By Sophie Mbugua, BRACED
YAMICHA, Kenya - Gusts of wind blow the dust coming from thousands of animals as they make their way to Urura borehole in Kenya's arid northern Merti ward.
The well is set in a grazing area reserved for use only during severe drought periods. This dry month, about 3,000 cows, 12,000 goats and 1,800 donkeys access the strategic water reserve every day.
Abdi Matoiye from Biligi village and his 100 cows have walked for about 20 kilometres (12 miles) to get here - and it's not just the water that is the attraction.
Matoiye recently lost a cow after it was bitten by wild dogs infected with rabies. Now he is worried that the calf is showing signs of the disease too. Fortunately, a veterinarian is available to answer this distress call.

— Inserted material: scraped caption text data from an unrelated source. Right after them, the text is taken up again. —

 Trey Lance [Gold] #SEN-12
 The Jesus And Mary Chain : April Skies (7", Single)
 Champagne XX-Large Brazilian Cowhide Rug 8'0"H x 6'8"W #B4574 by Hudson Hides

"A cow gets infected by sniffing bites from the bitten cow," Matoiye believes. "We are worried that more cows might die since we are sharing the grazing area and the borehole."

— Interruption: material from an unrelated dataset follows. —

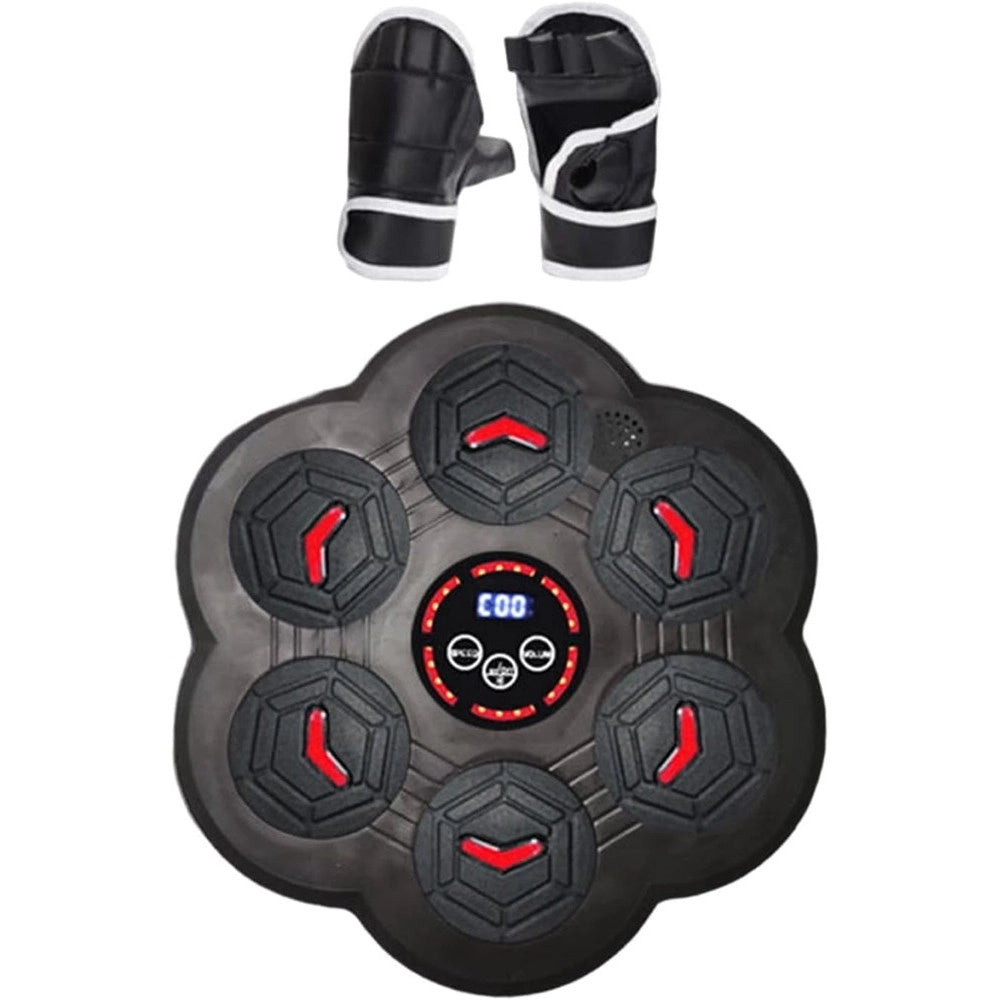 Trade Shop - Macchina Da Boxe Intelligente Bersaglio Da Parete Elettronico Allenatore Per Uomo Donna -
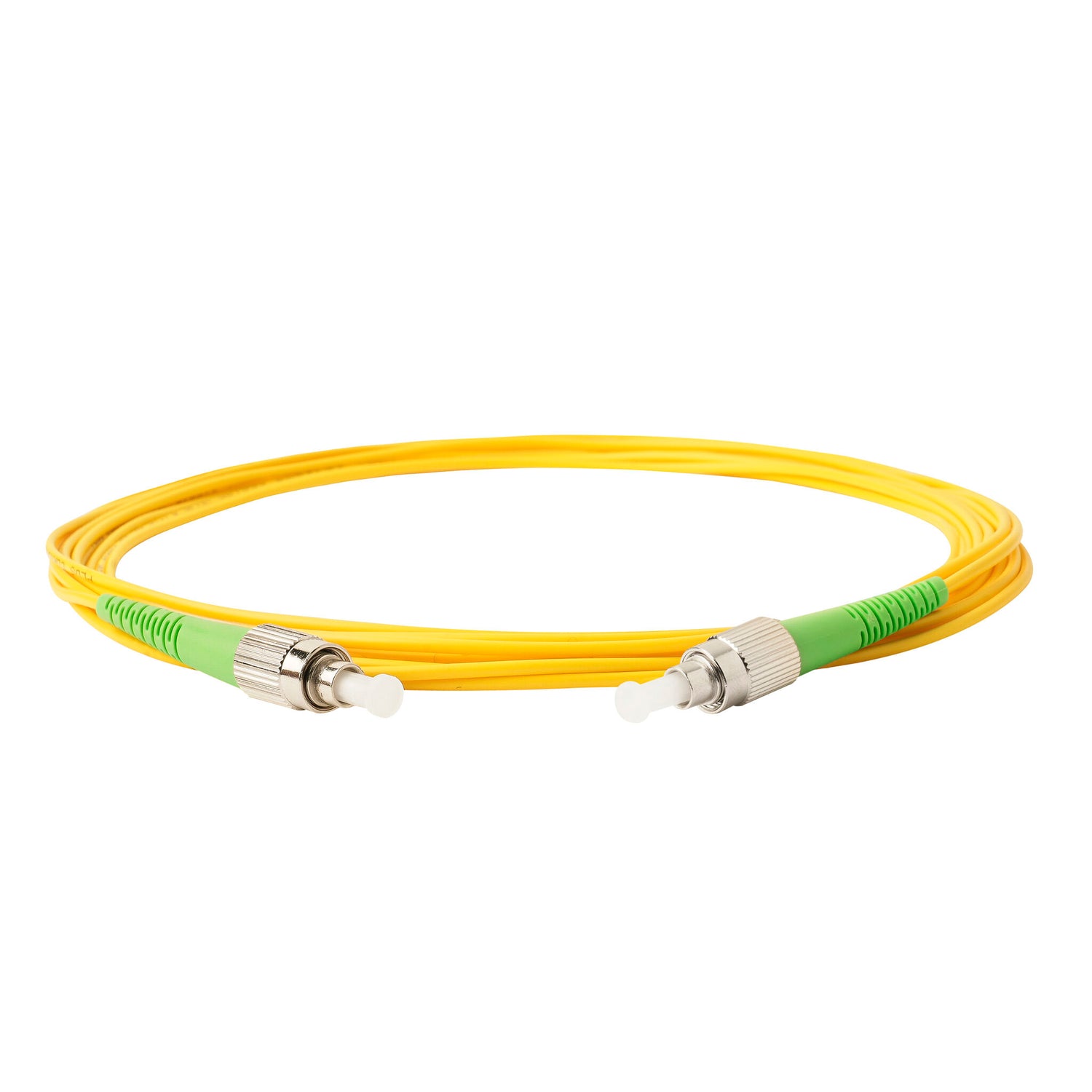 0.2dB FC/APC to FC/APC Single-mode Simplex Fiber Patch Cable | Corning SMF-28 Ultra Fiber | OS1/OS2 Compatible | OFNR Jacket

|Matoiye and his cattle drink at the Urura well in Kenya’s Isiolo County. TRF/Sohie Mbugua|
Northern Kenya, an arid region inhabited by nomadic pastoralists, is increasingly prone to droughts, a problem that has depleted livestock, water and pasture. Migration during drought periods exposes animals to diseases as they converge on remaining grazing land and watering points.
And pasture and water scarcity continue to be a key driving force for conflict between communities as livestock and people move around the counties of Marsabit, Moyale, Garissa, Isiolo and Wajir, locals say.
But a two-year effort to bring together a range of adaptations to the worsening drought - including new wells and other water sources, carefully managed grazing reserves and better veterinary care - is helping pastoralists such as Matoiye manage drought better and protect their animals, incomes and families.